Software on the computer calculates both the position of objects that contact the pad and the amount of pressure they exert. If an object touches at the intersection of two conductive lines, the electronics register a strong current there; but the farther away from the intersection it touches, the weaker the current, owing to the resistivity of the ink. Prototypes already have resolution high enough to accurately sense finger and stylus input for tablet PCs. For a single touch, it can record forces from five grams to five kilograms with a 2.5 percent margin of error--enough range to interpret the light tap of a stylus or a strike on a digital drum. Perlin says that because so few of the wires need to be powered, larger versions of the pad can achieve similar sensitivity without much more complexity or cost.
Market Pressure
Today's prototypes are an opaque black, so they're unsuitable as touch-screen interfaces for cell phones and other electronic gadgets. But such a precise and inexpensive pressure-sensitive interface still has many potential uses, Perlin says.
For instance, Rosenberg and Perlin have collaborated with other researchers on several medical and scientific applications. Perlin says the pad could be added to shoes to monitor gait and to hospital beds to alert nurses when a patient has been still for too long, increasing the risk of pressure sores. The pad is even sensitive enough to measure pressure waves in water and air; this could lead to better fluid-dynamics models that might help with designing airplanes and boats. Today, researchers use arrays of individual sensors to collect such data, but they are too expensive to use over a large area.
The technology is also useful in multitouch interfaces for electronic devices. Patrick Baudisch, a researcher at the Hasso Plattner Institute in Germany, has integrated the pad onto the back of a small gaming gadget, effectively adding an ergonomic touch input: users can control the game without having their fingers block the screen. And Rosenberg believes that by using a different type of pressure-sensitive ink and making the lines thinner, he and his colleagues can build a transparent sensor usable in touch screens on mobile phones and tablet PCs.

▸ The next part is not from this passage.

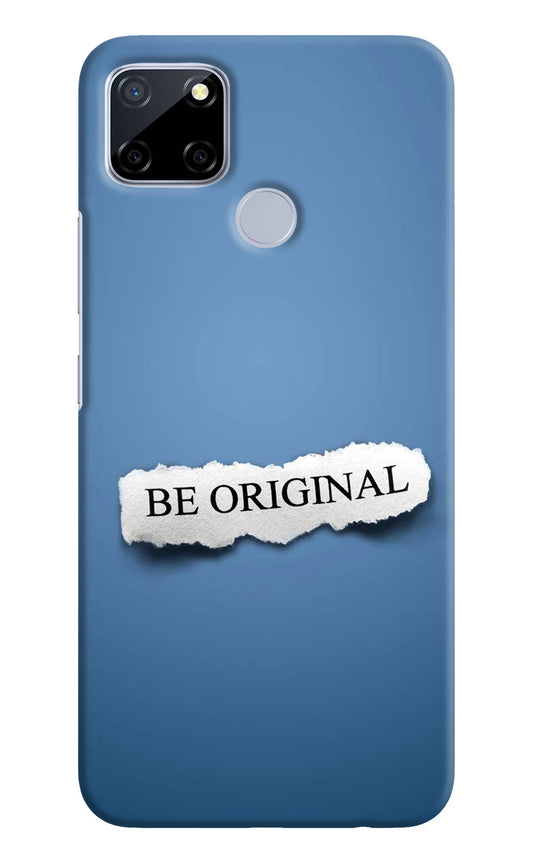 Be Original Realme C12/Narzo 20 Hard Case Back Cover by Casekaro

Rosenberg and Perlin's touch pad is much more sensitive than other resistance-sensing devices, says Andy Wilson, a Microsoft researcher who developed Surface, a commercially available multitouch table. "Many of the applications focus on using the pressure sensor in interesting ways," he says. He adds, however, that the technology is still in its early stages, and it's difficult to say how much cheaper it will be than today's touch interfaces.

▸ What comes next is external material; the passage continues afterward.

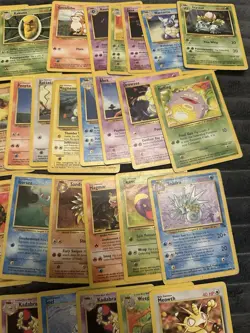 Pokemon Vintage Lot Shadowless Base Jungle Fossil Mostly MP-DMG - Image 4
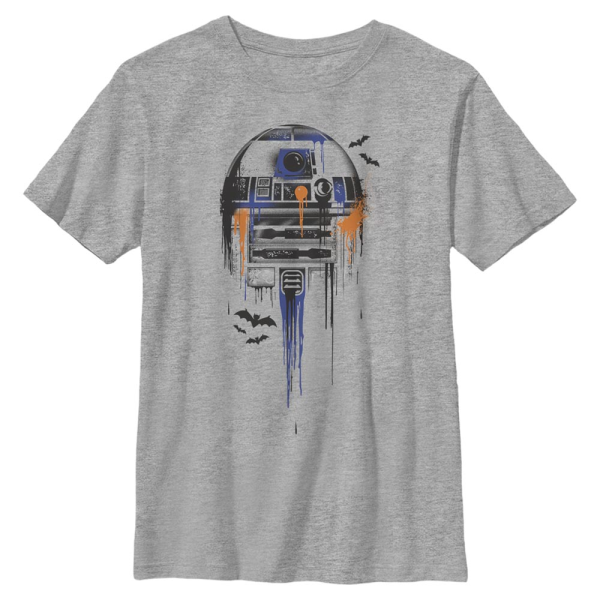 Star Wars - R2-D2 Splatter R2 - Kids T-Shirt - Heather grey - Front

In April, Rosenberg and Perlin launched Touchco, a startup that will license the technology and provide design assistance to companies that want to build it into devices such as mobile phones and e-readers. The company's engineers are exploring additional applications--such as the first electronic hand drum, which would be impossible without a sensor capable of such fine resolution.
Eventually, these thin, unobtrusive touch pads could be built into virtually any surface, opening up a new dimension of multitouch interaction.